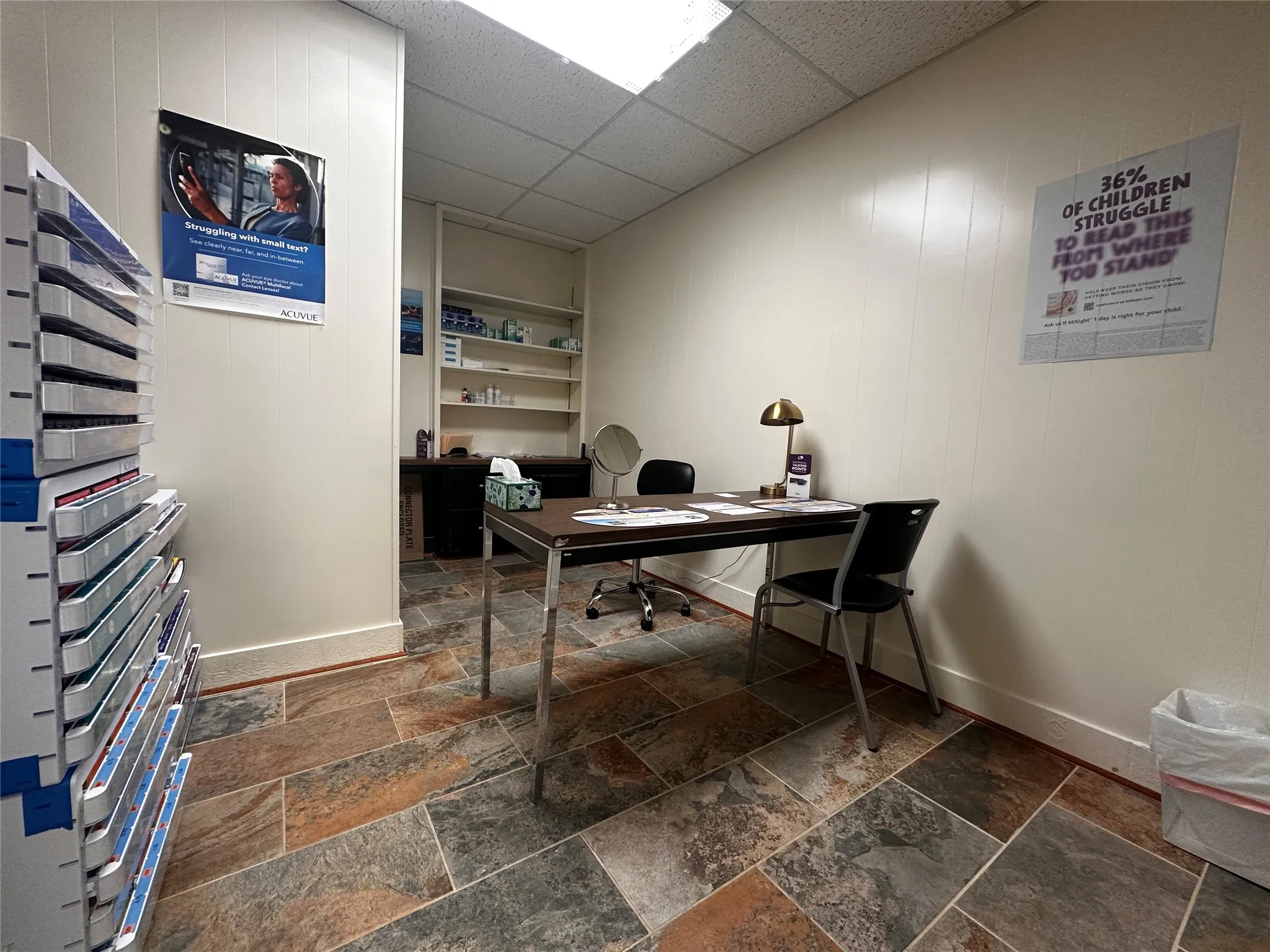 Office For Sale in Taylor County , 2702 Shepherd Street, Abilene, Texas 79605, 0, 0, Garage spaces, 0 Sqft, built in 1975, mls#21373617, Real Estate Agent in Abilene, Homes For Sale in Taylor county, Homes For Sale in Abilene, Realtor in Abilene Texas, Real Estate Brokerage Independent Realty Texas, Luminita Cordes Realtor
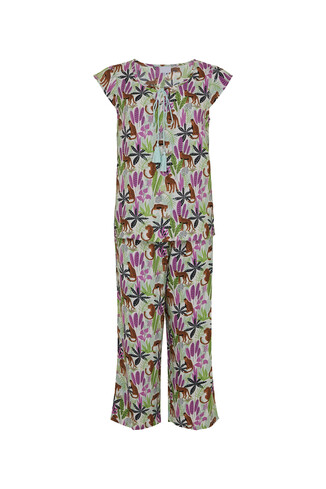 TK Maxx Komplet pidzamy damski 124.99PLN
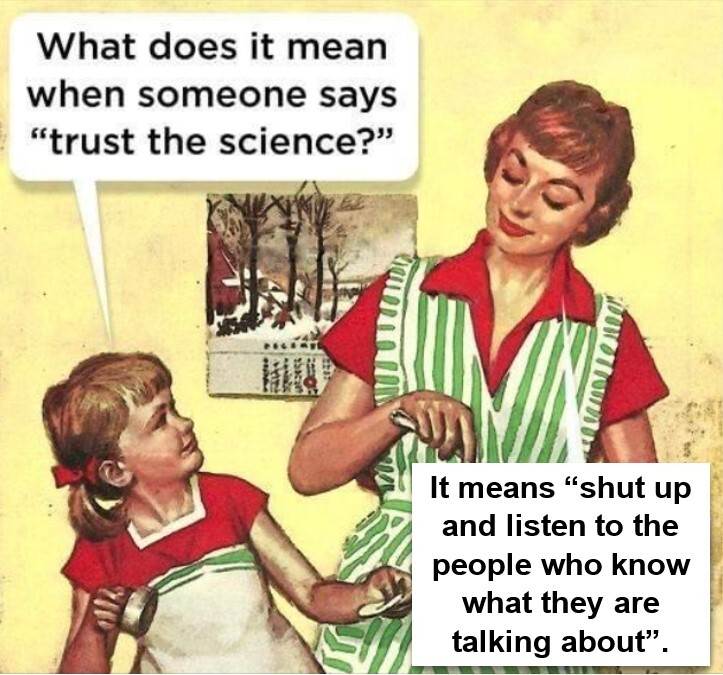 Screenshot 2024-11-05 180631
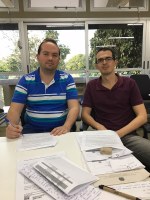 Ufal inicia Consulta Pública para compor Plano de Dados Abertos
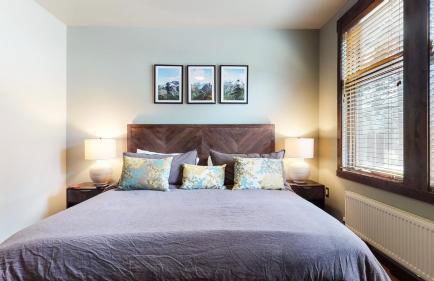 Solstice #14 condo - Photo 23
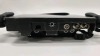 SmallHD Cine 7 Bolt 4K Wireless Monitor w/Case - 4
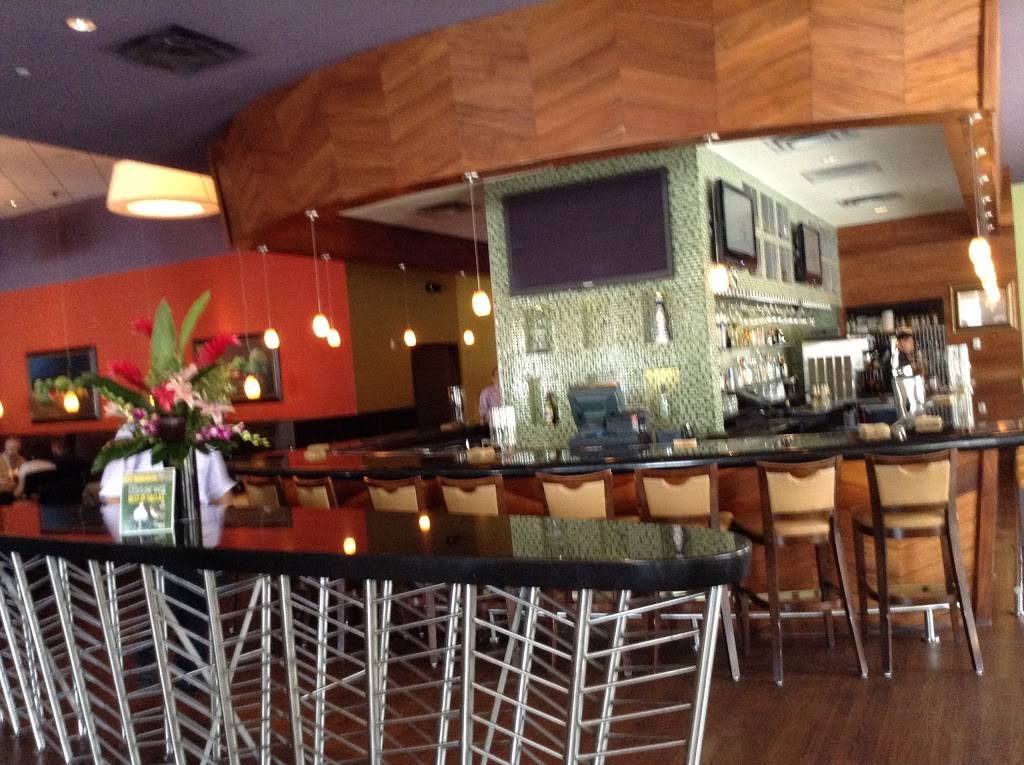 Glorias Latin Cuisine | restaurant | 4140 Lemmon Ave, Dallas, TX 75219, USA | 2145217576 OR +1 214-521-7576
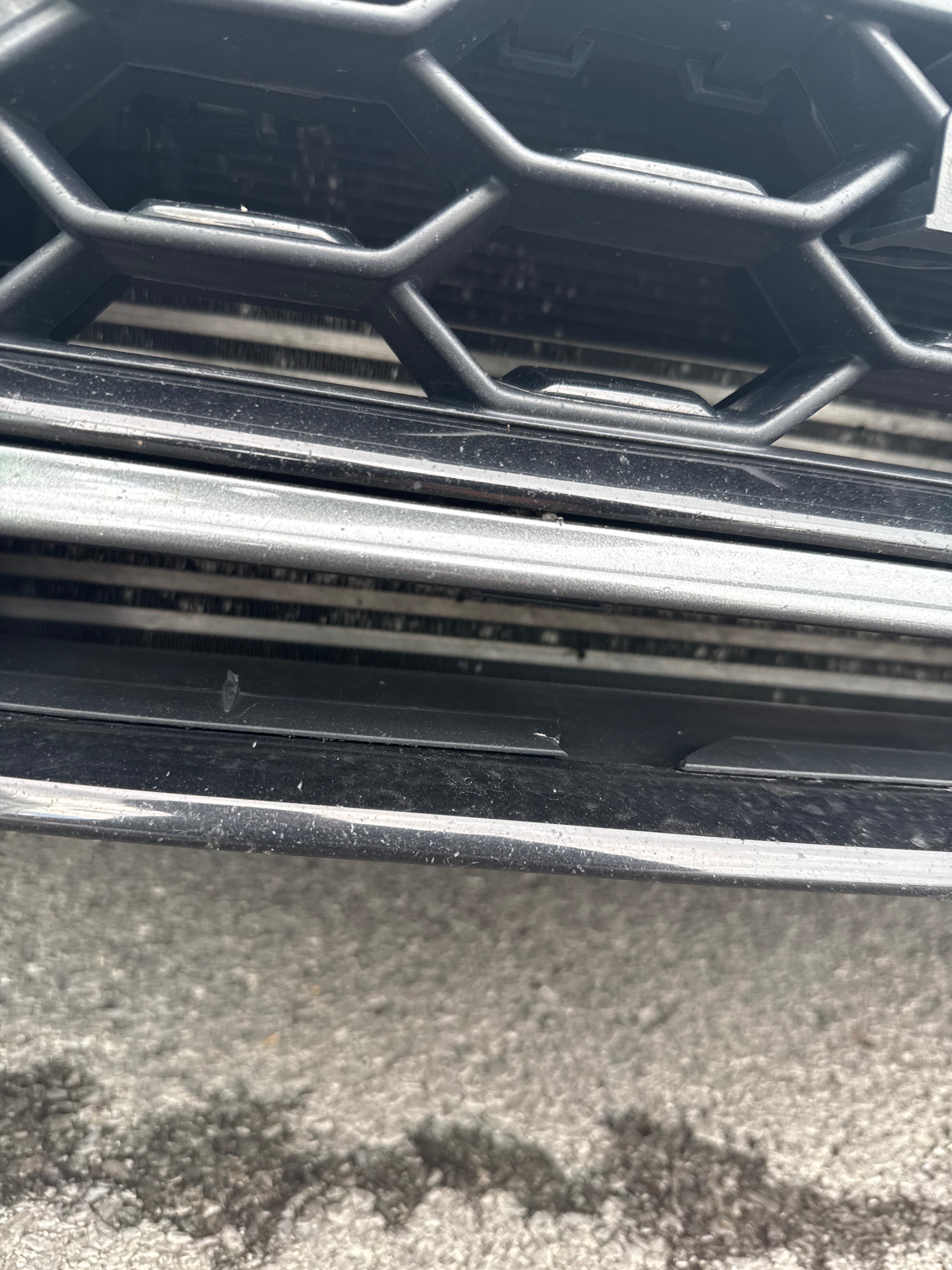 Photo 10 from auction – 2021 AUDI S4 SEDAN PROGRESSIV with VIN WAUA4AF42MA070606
########################################
This exercise asks for the data above to be given again exactly, without pictures.

 Office For Sale in Taylor County , 2702 Shepherd Street, Abilene, Texas 79605, 0, 0, Garage spaces, 0 Sqft, built in 1975, mls#21373617, Real Estate Agent in Abilene, Homes For Sale in Taylor county, Homes For Sale in Abilene, Realtor in Abilene Texas, Real Estate Brokerage Independent Realty Texas, Luminita Cordes Realtor
 TK Maxx Komplet pidzamy damski 124.99PLN
 Screenshot 2024-11-05 180631
 Ufal inicia Consulta Pública para compor Plano de Dados Abertos
 Solstice #14 condo - Photo 23
 SmallHD Cine 7 Bolt 4K Wireless Monitor w/Case - 4
 Glorias Latin Cuisine | restaurant | 4140 Lemmon Ave, Dallas, TX 75219, USA | 2145217576 OR +1 214-521-7576
 Photo 10 from auction – 2021 AUDI S4 SEDAN PROGRESSIV with VIN WAUA4AF42MA070606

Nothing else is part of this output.